There is a design issue in the BBB that causes the Ethernet PHY chip to sometimes power up in an undefined state where it can not make a valid link.

This problem affects every single unit I have ever tested, and I’ve tested at least 100 of them. The chances that the problem will happen varies from board to board, and is also dependent which power connector you use…

Power connectorAverageRange
USB2.15%0.45%-4.95%
Barel Jack3.68%(Only one unit tested)
Vcc Header Pins16.18%3.89%-42.43%

So USB is the best, but even on USB it is still possible to see thew problem almost 5% of the time. The header pins are by for the worst case, with one board coming up without Ethernet a shocking 42% of the time! These results match the geist in the forums where people powering via capes seem to be the ones freaking out while USB people try to convince them the problem is not so bad.

Just write a BASH script to PING and REBOOT when necessary?

If only it were so easy.

Doing a software reset on the PHY chip does not get it back to a defined state. There is no way to get the chip back unless you do a hardware reset on it, and on the BBB the hardware reset line of the PHY is tied to the hardware reset line of the ARM chip. Yuck.

What you can do

  1. If you are thinking of using a BBB for something, don’t. You do not want to live in an ecosystem where a deal-breaker problem like this could happen at all, and not be fixed several years and board revs later.
  2. If you are making a rev on the BBB, fix the reset circuit. Add a Schmidt trigger to the output of the reset button and/or switch the RESET line of the PHY from the master reset to a GPIO.
  3. If you have access to the hardware, use a custom cape or wire jumper to connect the header reset pin to a GPIO pin so you can make the board reset itself under software control.
  4. Use the software only workaround below.

How it works

If we look closely at the schematics, we see that the PHY reset line is connected directly to the reset button.

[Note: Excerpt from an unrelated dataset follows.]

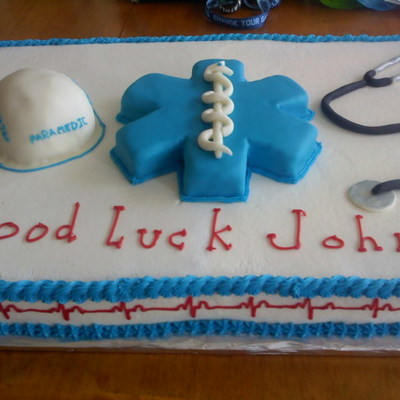 Paramedic Retirement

This is part of the cause of the problem, but also gives us a path to the workaround. This line is also connected to the nRESETIN_OUT pin of the ARM.

As it’s name hints, this line can be used as both an in and an out, so if we can get this line to go low then we can reset the PHY chip!

It might be as easy as just resetting the ARM… but there is a damn debouncing cap on the reset line (also a cause to the base issue) so we need that reset line to go low for a very long time.

There is a register that sets how long it will go low…

…but the longest we can set it to is not nearly long enough. We need a way to make that reset line stay down for hundreds of milliseconds.

The RESET line does go low if we power down the ARM, but if we power down then we are dead in the water so that does not help since we would need someone to push the power button to turn us back on.  Luckily there is a a crazy way to make this chip turn itself on!

Detecting when the PHY needs to be reset

After analyzing the PHY register contents from thousands of boots, , I found one bit that is always 1 when the Ethernet is dead and 0 when the Ethernet came up ok.

We can use the phyreg utility to test this bit in a script, and use the bbbrtc utility to keep power cycling until we get that bit in the right state with Ethernet working!

Code drop

Follow the instructions in the readme to install the package. It pulls in the bbbrtc and the phyreg utilities that it needs and then installs a little script called chkphy that runs at startup from init.d. This script checks the magic bit, and if the Ethernet is dead then it initiates a power cycle using bbbrtc. It pauses for 30 seconds before running to (1) let Linux finish mucking with the rtc before we try to use it, and (2) give you a chance to stop the process in case something goes wrong so you don’t end up in an infinite restart cycle.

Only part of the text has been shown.